Il governo portoghese per tutta la campagna elettorale ha rivendicato i risultati raggiunti. Mentre le opposizioni - che al governo nel 2011 chiesero il salvataggio internazionale - hanno continuato ad accusare il conservatore Passos Coelho di essere «più tedesco di Angela Merkel» sottolineando «le condizioni di vita sempre più difficili delle famiglie» nonostante la disoccupazione sia scesa sotto il 14 per cento. «Non c’era alternativa al percorso di rigore che abbiamo scelto, eravamo veramente a un passo dall’abisso ma ce l’abbiamo fatta raggiungendo obiettivi di bilancio e completando riforme che sembravano irrealizzabili: dal mercato del lavoro alle liberalizzazioni in molti settori fino alle privatizzazioni», ha detto Passos Coelho, ribadendo il tema portante della campagna elettorale della destra: «Il Portogallo non è la Grecia».

Ma la lunga recessione (che ha tagliato oltre il 6% del Pil) e le manovre di austerity (che hanno fatto scendere il deficit dall’11,2% al 3,2% del Pil, senza contare l’intervento a sostegno delle banche) hanno lasciato il segno.
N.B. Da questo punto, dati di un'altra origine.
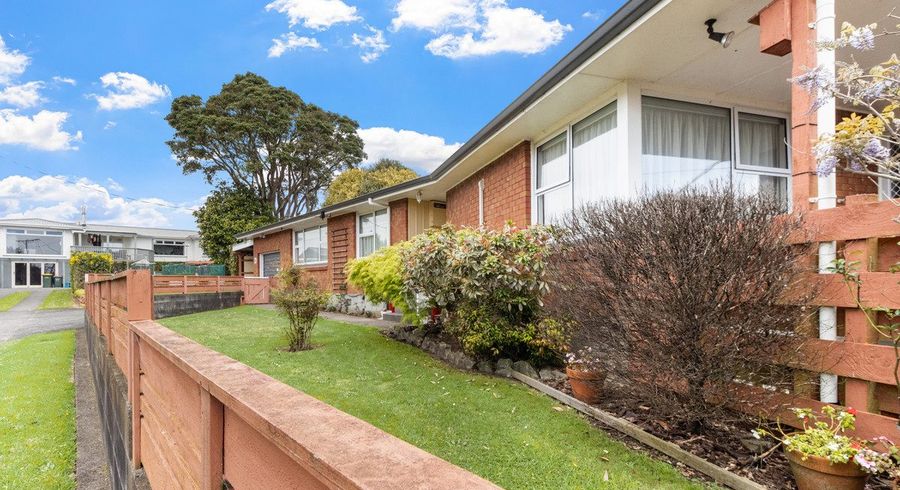  at 14C Cowling Road, Hurdon, New Plymouth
La ripresa stenta ad arrivare a tutte le fasce della popolazione. E negli ultimi tre anni, più di 200mila portoghesi, in un Paese che di abitanti ne ha 10 milioni in tutto, hanno deciso di lasciare il Paese per trasferirsi all’estero in modo permanente alla ricerca di un posto di lavoro. Proprio sul disagio sociale puntano i socialisti per convincere gli indecisi - oltre il 20% su quasi dieci milioni di elettori - e capovolgere i pronostici della vigilia.

«Le elezioni si terranno in una fase in cui l’economia portoghese si sta espandendo a un ritmo più veloce rispetto al resto dell’Eurozona. E tuttavia - spiegano gli esperti di Morgan Stanley - la crescita potrebbe aver raggiunto la velocità di crociera e potrebbe rallentare con il venir meno di tre elementi oggi determinanti: euro debole, prezzi favorevoli delle commodity e tassi di interesse bassi». Anche considerando le possibili future difficoltà, da morgan Stanley sottolineano che il Portogallo ha bisogno «di un governo sostenuto da una maggioranza chiara che realizzi in pieno le riforme stutturali avviate». A guardare bene, un rischio non da poco anche per il tranquillo Portogallo.